The IJ erred by placing the burden on Cordon-Osario to prove that he could not relocate
to another part of Guatemala. Unlike in the asylum context where we employ a
burden-shifting approach to assess a petitioner’s ability to relocate within his home
country, internal relocation is just one factor to consider in the CAT analysis. See Manning
7 v. Barr, 954 F.3d 477, 488 (2d Cir. 2020); Maldonado v. Lynch, 786 F.3d 1155, 1163-64
(9th Cir. 2015). Here, the limited record evidence about relocation suggests Cordon-Osario
could relocate to another part of Guatemala where he would not face a likelihood of torture.
See A.R. 125. But that underdeveloped factor is not dispositive.
Other evidentiary factors also show that Cordon-Osario is not entitled to protection
under CAT. First, Cordon-Osario did not suffer past harm amounting to torture. We have
previously held that repeated threats and extortion by Guatemalan gangs does not rise to
the level of torture, Manuel-Soto v. Att’y Gen., 121 F.4th 468, 472 (3d Cir. 2024), and the
isolated injury to Cordon-Osario’s lip is insufficiently “severe” to constitute torture,
Herrow, 93 F.4th at 113. Second, Cordon-Osario did not provide specific evidence that he
is likely to be “singled out” for torture. Hernandez Garmendia, 28 F.4th at 484; cf. Herrow,
93 F.4th at 114 (providing evidence that returnees to Somalia are easily identified by Al
Shabaab and that fifty-five percent reported being tortured upon return).
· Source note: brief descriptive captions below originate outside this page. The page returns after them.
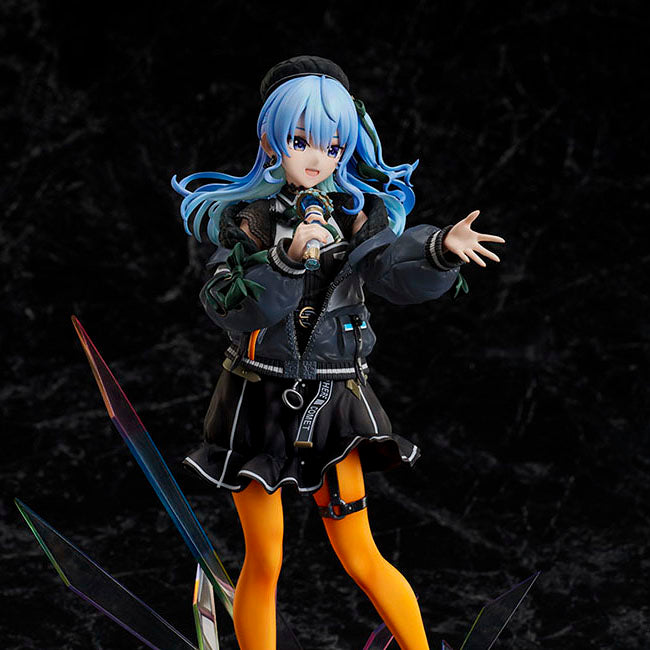 Hololive] Hoshimachi Suisei – 1/7 Scale Figure | animate USA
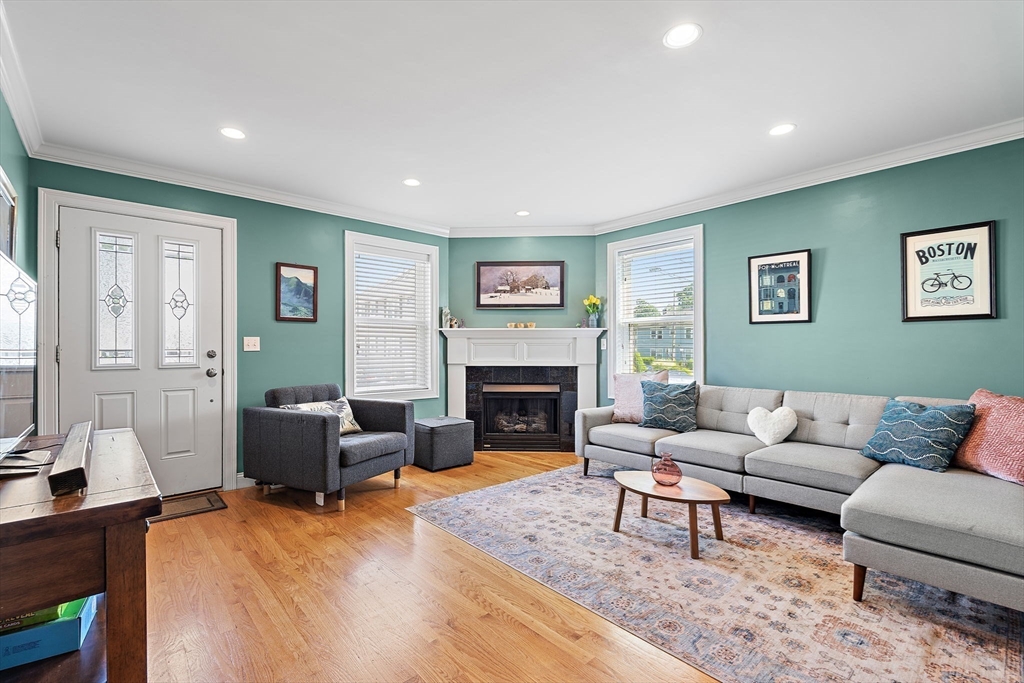 61 Parmenter Road # 1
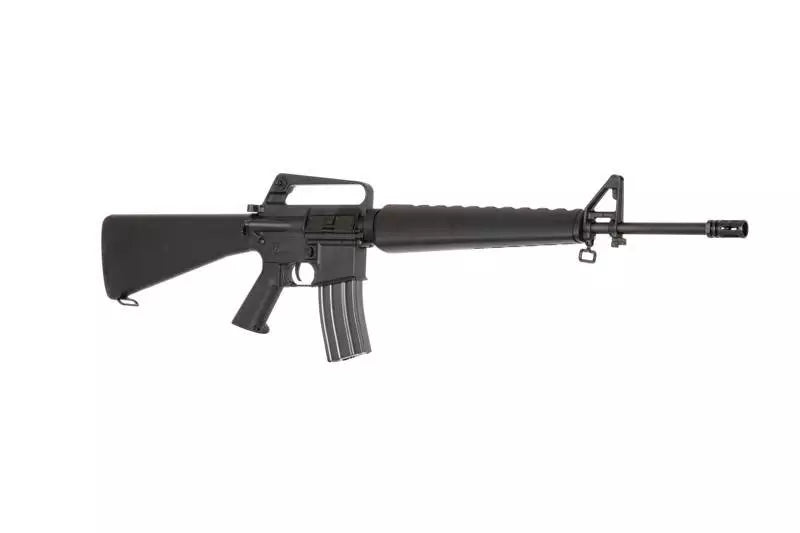 Cyma M16A1, metallirunko (CM009B)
Although Cordon-
Osario argues that MS’s recent murder of his teenage cousin supports his “fear that MS
will target Petitioner with similar brutality,” Opening Br. 19, the record evidence suggests
that Cordon-Osario’s cousin was targeted for refusing to join the gang, not because of his
relation to Cordon-Osario, see A.R. 178.
II. CONCLUSION
For the foregoing reasons, we will deny Cordon-Osario’s petition for review.